Food insecurity has seen a dramatic rise in Central America as the economic fallout of the COVID-19 pandemic and poverty continue to make it harder for families to feed themselves. As of October 2021, WFP estimates that the number of food insecure people in El Salvador, Guatemala and Honduras grew three-fold to 6.4 million, from 2.2 million people in 2019.

In addition, migration flows were impacted by violence and insecurity, as well as climate-related shocks such as severe droughts in the Central American Dry Corridor and more frequent and stronger storms in the Atlantic. The devastating twin hurricanes that hit Central America in November 2020 are two major storms that contributed to the deterioration of living conditions for populations that were already vulnerable.

While highlighting the push factors of migration from Central America, the report also presents governments with a blueprint to address its root causes including initiatives that are linked to economic recovery, livelihoods, and food security for people who are most likely to migrate irregularly.

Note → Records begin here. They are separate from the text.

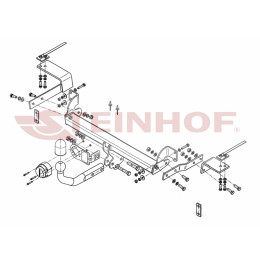 F-043 STEINHOF Фаркоп на FIAT 500, кроме Abarth 2007-2010, 2010- без подрезки бампера. Тип шара: A. Нагрузки: 800/60 кг, масса фаркопа 13,5 кг (без электрики в комплекте)
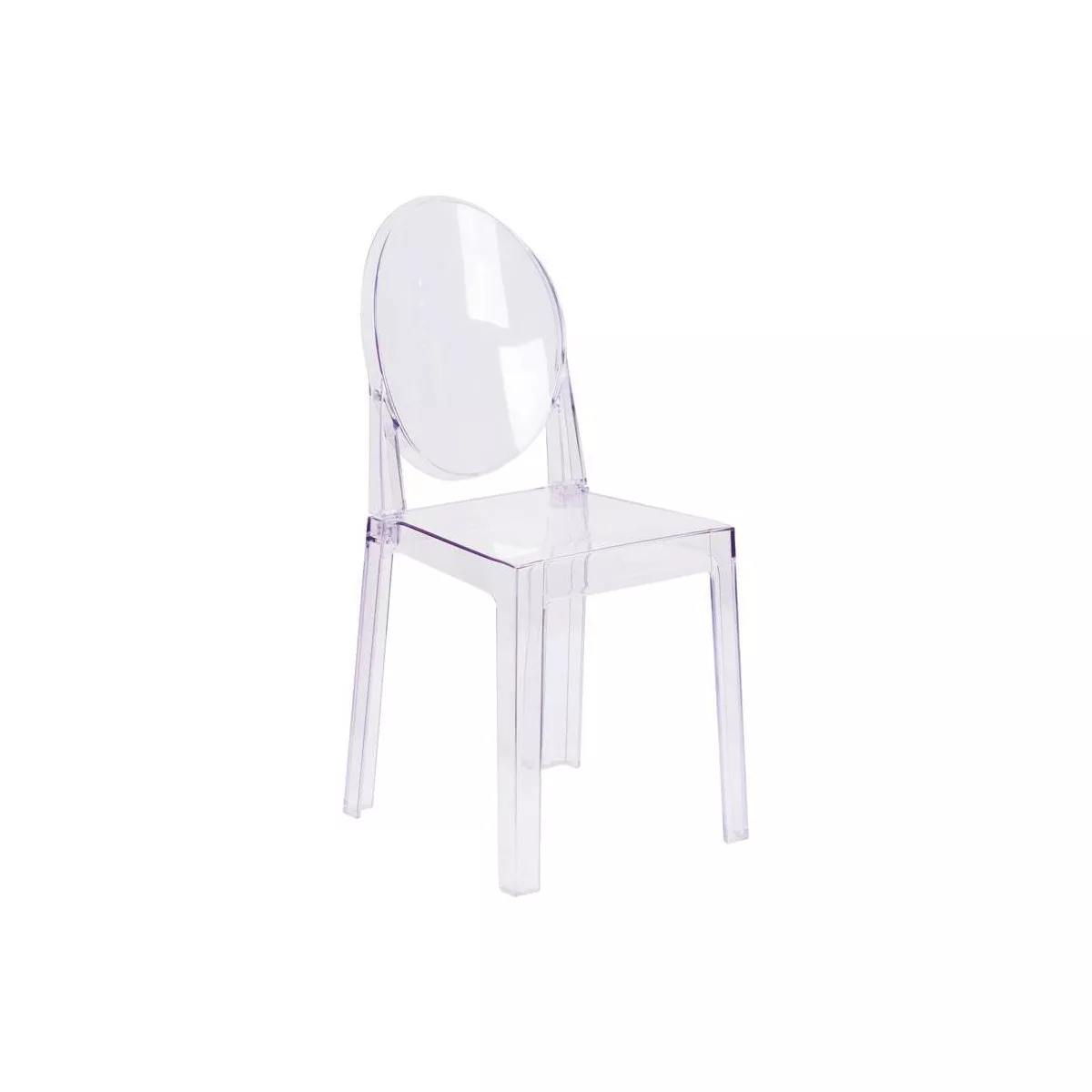 Riverstone Furniture Collection Leather Oval Back Ghost Chair Transparent Crystal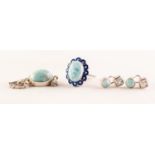 SUITE OF LARIMAR AND SILVER JEWELLERY, comprising; a RING, BRACELET AND EARRINGS, the RING set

The expansion of national social protection programmes that help alleviate poverty and eradicate hunger for at-risk populations is key to stemming migration. For example, cash-based transfers are a lifeline for people in need, allowing families to meet their essential needs. School feeding programmes offer more than a plate of food. They support local agriculture and represent savings for poor families.

Furthermore, the report recommends economic development and investment initiatives that are tailored to community needs, giving people the option to seek opportunities at home. These include agricultural programmes for smallholder farmers to build resilience to climate shocks, diversify crops and boost production, as well as job training programmes for youth and women in rural and urban areas. Creating incentives for the diaspora to invest in public works in local communities, would amplify the impact of remittances beyond individual households.

To shift irregular migration to legal channels, the report recommends that the United States and other migrant-destination countries in the region expand legal pathways for Central Americans, for example by increasing access to temporary employment visas.

“Given the repeated cyclical patterns of rising Central American migration northward, it is clearly time for a strategy that moves beyond unilateral enforcement actions to recognize not only the drivers of migration but also the nuanced contexts in El Salvador, Guatemala and Honduras that smart investment and community strengthening policies should address,” said Andrew Selee, president, Migration Policy Institute.